Government is providing more than $1.2 million to develop training and resources aligned with in-demand occupations in a range of sectors for post-secondary students with disabilities. Twenty public post-secondary institutions will each receive one-time funding of $50,000 in 2015-16 in alignment with B.C.’s Skills for Jobs Blueprint, which celebrated its one-year anniversary last week.

Langara College will receive an additional $100,000 toward the Centre for Accessible Post-Secondary Education Resources (CAPER-BC) for accessible learning and teaching materials in math and trades. British Columbia Institute of Technology will receive an additional $100,000 toward the Post-Secondary Communication Access Service (PCAS) to support students with visual impairment or hearing loss. The Program for the Institutional Loan of Adaptive Technology (PILAT) will also receive $75,000 toward equipment and software to help students with disabilities. CAPER-BC, PCAS and PILAT support public post-secondary schools throughout the province.

British Columbians with disabilities will also be able to access assistive technology through the Technology@Work program to help reach their employment goals. The Neil Squire Society will receive $3 million annually over the next three years to deliver the new Technology@Work assistive technology program to support employment opportunities for people with disabilities.

Technology@Work will provide assistive technologies, such as mobility supports, assistive devices such as alternative keyboards and voice input equipment, hearing devices and workplace modifications. The new program will complement existing employment programs, such as the Employment Program of BC. Technology@Work will also provide employers and organizations with information and connect them with assistive technology to help them better support their employees.

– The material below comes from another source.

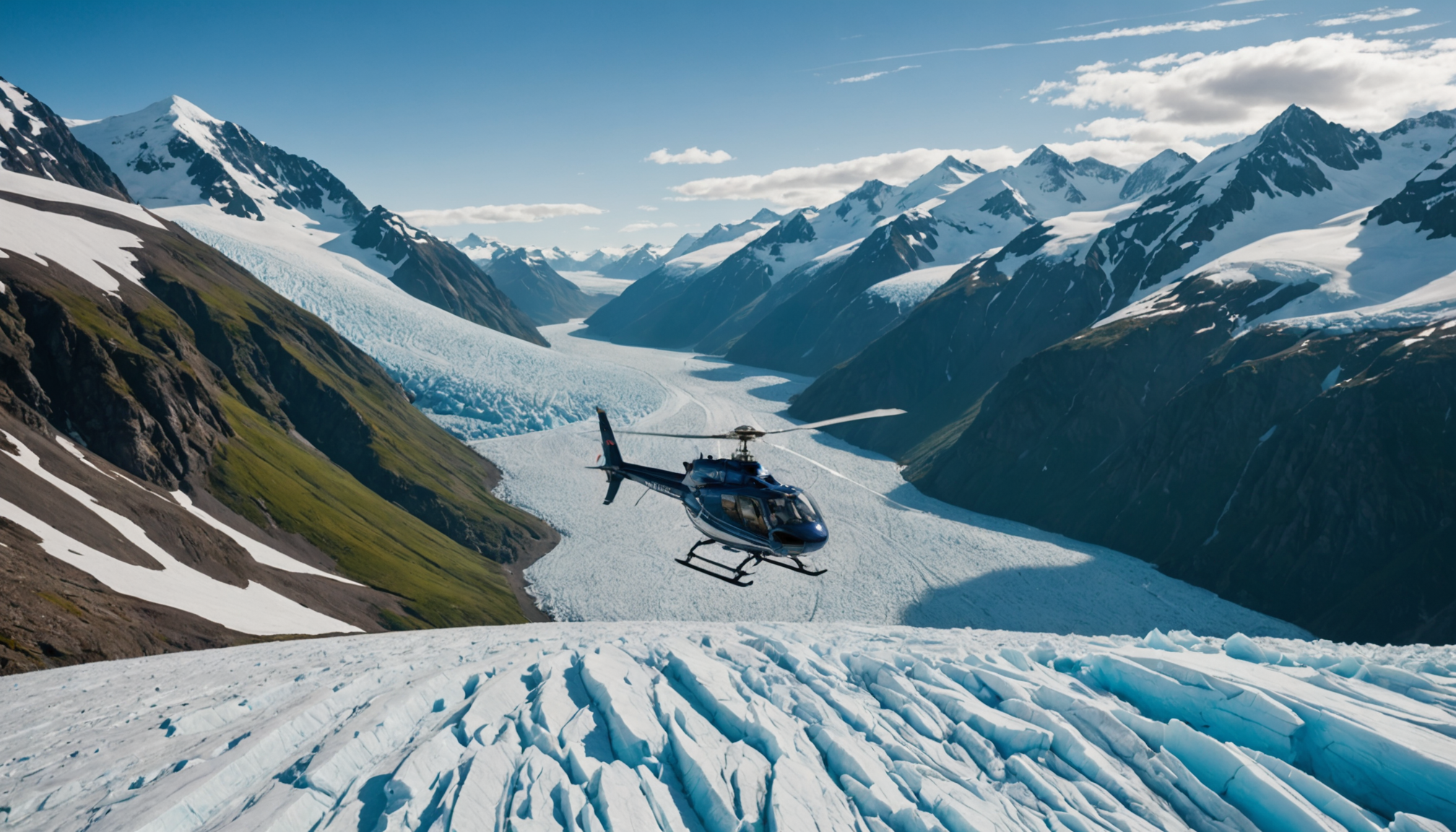 Helicopter flying over Explorer Glacier in Alaska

The funding supports B.C.’s Skills for Jobs Blueprint, as well as Accessibility 2024, a 10-year action plan announced in June 2014 to make B.C. the most progressive place in Canada for people with disabilities.

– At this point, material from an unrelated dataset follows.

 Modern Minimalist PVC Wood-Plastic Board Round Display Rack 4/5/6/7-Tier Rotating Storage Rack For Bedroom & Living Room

The provincial government launched B.C.’s Skills for Jobs Blueprint in April 2014 to align funding and programs with in-demand occupations. The Blueprint includes goals to provide better access to technical and trades-related training for learners with disabilities.

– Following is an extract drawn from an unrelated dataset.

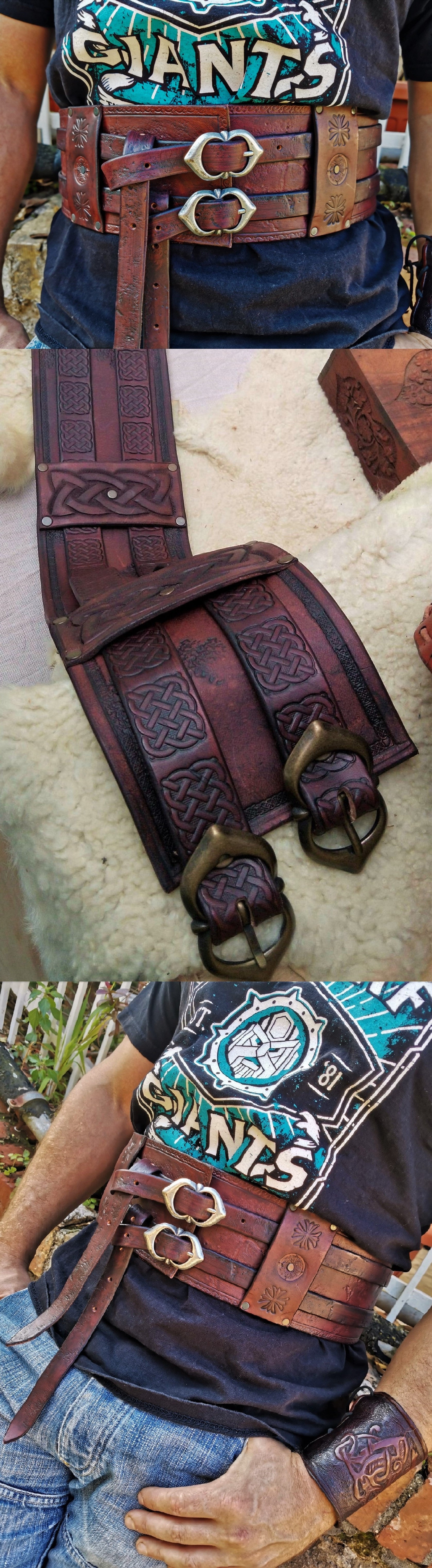 Add a Celtic flair to your style with this handmade double buckle leather belt. Sturdy, stylish, and available in three classic colors and more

B.C. anticipates more than one million job openings by 2022; more than 78% of these positions will require some form of post-secondary education and 44% will need skilled trades and technical workers.

Quotes:

Social Development and Social Innovation Minister Michelle Stilwell –

“The Technology@Work and the supports for post-secondary students will help break down the barriers people with disabilities face when it comes to training, education and jobs. Our goal under Accessibility 2024 is to have the highest labour participation rate in Canada for people with disabilities. The funding announced today opens up more opportunities to help us reach that goal.”

Advanced Education Minister Andrew Wilkinson –

“People with disabilities encounter unique challenges as they seek both education and employment. B.C.’s Skills for Jobs Blueprint outlines a plan to help British Columbians access education and training so they can secure meaningful employment and contribute to a diverse, strong and growing economy.”

North Island College faculty instructor for special education Ellen Chambers –

“This employment transition and construction labourer program can be life-changing for students with disabilities. It helps them achieve independence and confidence as a result of the valuable construction and employability skills they are developing. It is exciting – when you create a program that meets the needs of students, they are motivated.”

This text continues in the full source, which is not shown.